German iron meets Monaco's highlands: Audi A1 review

teabag36

Re: Sums?

Yes, do we know if the engine has a 120 deg crank - as the coward says, this makes for a nice smooth engine (reminds me of the Wartburg - 1000cc triple with 120 crank. The fact it was a 2 stroke made it even smoother

Alfa Romeo Giulietta Quadrifoglio Verde: Fun, but not for all

teabag36

Re: Driven Alfas for years

Hi,

I too have had several Alfas (and a Lancia Fulvia - which was truely epic). They were completely reliable (well, my 33 let me down once - Bosch electronic ignition module - but that's german electrics for you).

I've also driven the Giulietta (both in the UK and Italy). It was quick and quirky, but not less involving than say the 156.

I do hope cars aren't converging into mediocracy - Alfa is one of the last hopes.

VW's Scirocco diesel: A sheep in Wolfsburg’s clothing

teabag36

Re: Scirocco:

A tedious Golf coupe with as much charisma as an East German caravan site. Yawn.

Caterham Seven 160 review: The Raspberry Pi of motoring

teabag36

Light Car Challenge

Great article. The AZ-1 mention appreciated - I've always wanted one.

The 160 - a super car. The last time I really enjoyed driving was in my brother's Caterham - its also the only car I've ever spun.

There aren't many cars I have taken out to drive, just for the fun of it.
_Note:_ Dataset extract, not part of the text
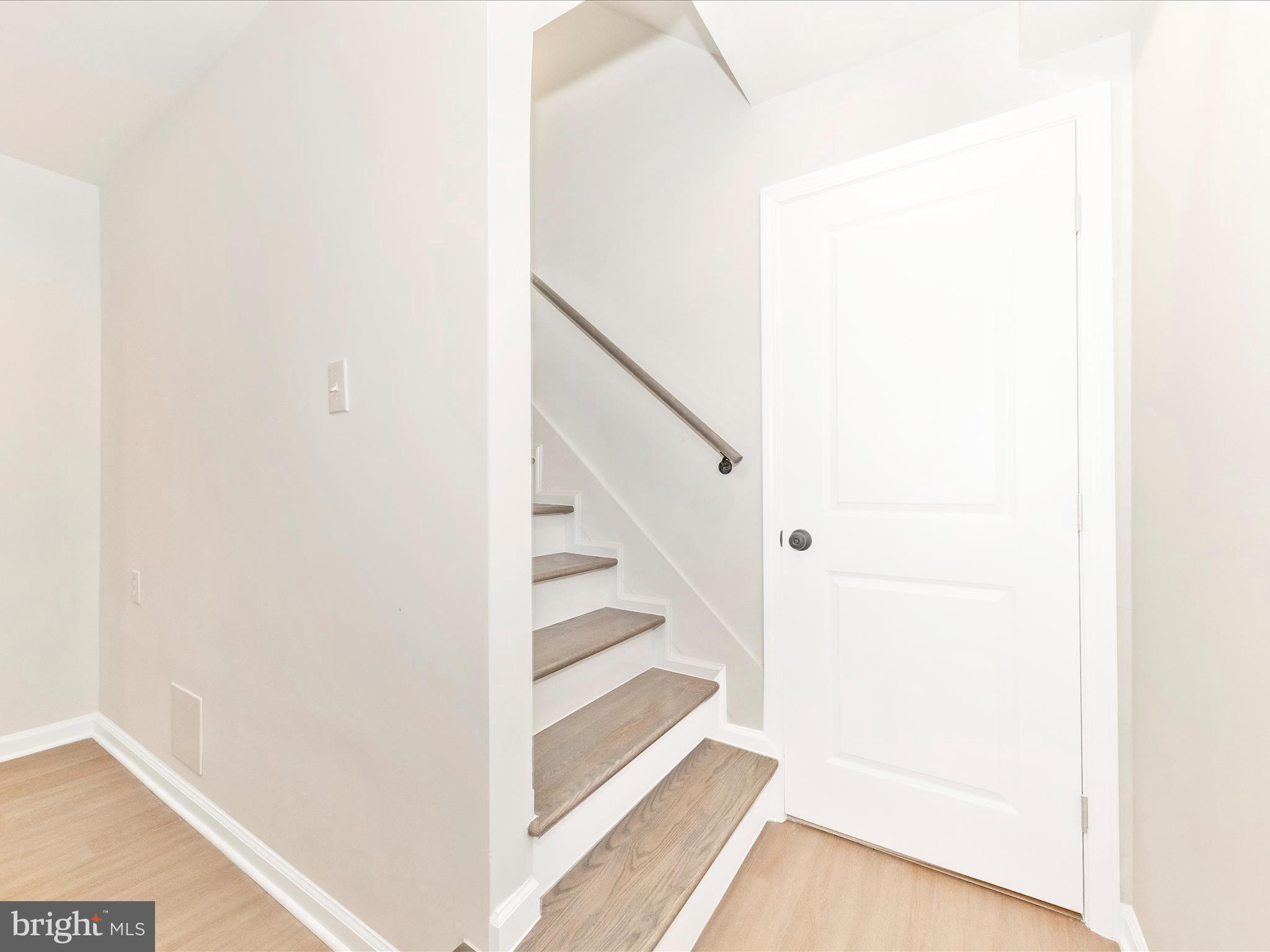 HILCREST ORCHARDS - Residential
The Caterham being one, my 10in mini being the other.

The key is lightness. I really struggled to buy a car weighing under a tonne which has any fun factor at all. The Caterham is to expensive BUT, lightness brings dynamic response and driver satisfaction.
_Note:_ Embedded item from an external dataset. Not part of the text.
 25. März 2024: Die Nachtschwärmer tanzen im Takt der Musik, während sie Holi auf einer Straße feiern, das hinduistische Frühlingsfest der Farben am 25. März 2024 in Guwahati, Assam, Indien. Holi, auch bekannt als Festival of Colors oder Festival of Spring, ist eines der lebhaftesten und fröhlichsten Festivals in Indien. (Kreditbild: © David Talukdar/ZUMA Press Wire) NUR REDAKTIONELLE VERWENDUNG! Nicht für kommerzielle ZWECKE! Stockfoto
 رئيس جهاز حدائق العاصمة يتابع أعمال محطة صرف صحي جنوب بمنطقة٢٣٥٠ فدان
So, no that I'm ready to get a new car, what can I buy that's under a tonne, exciting for less than 15k?

Jaguar Sportbrake: The chicken tikka masala of van-sized posh cars

teabag36

No alternative

In praise of the Jag, someone who might pretend to have an imagination, has little choice in this sector anymore. Saab have gone, Alfa have nothing in the bracket, the french seem to have abandoned the sector to the germans. This leaves us with hard suspension, heavy steering - to make it feel solid, but no feel or connection to the road, zero throttle response and no flair. Yawn. I blame the reviewers who seem obsessed by German is great. Not in my garage.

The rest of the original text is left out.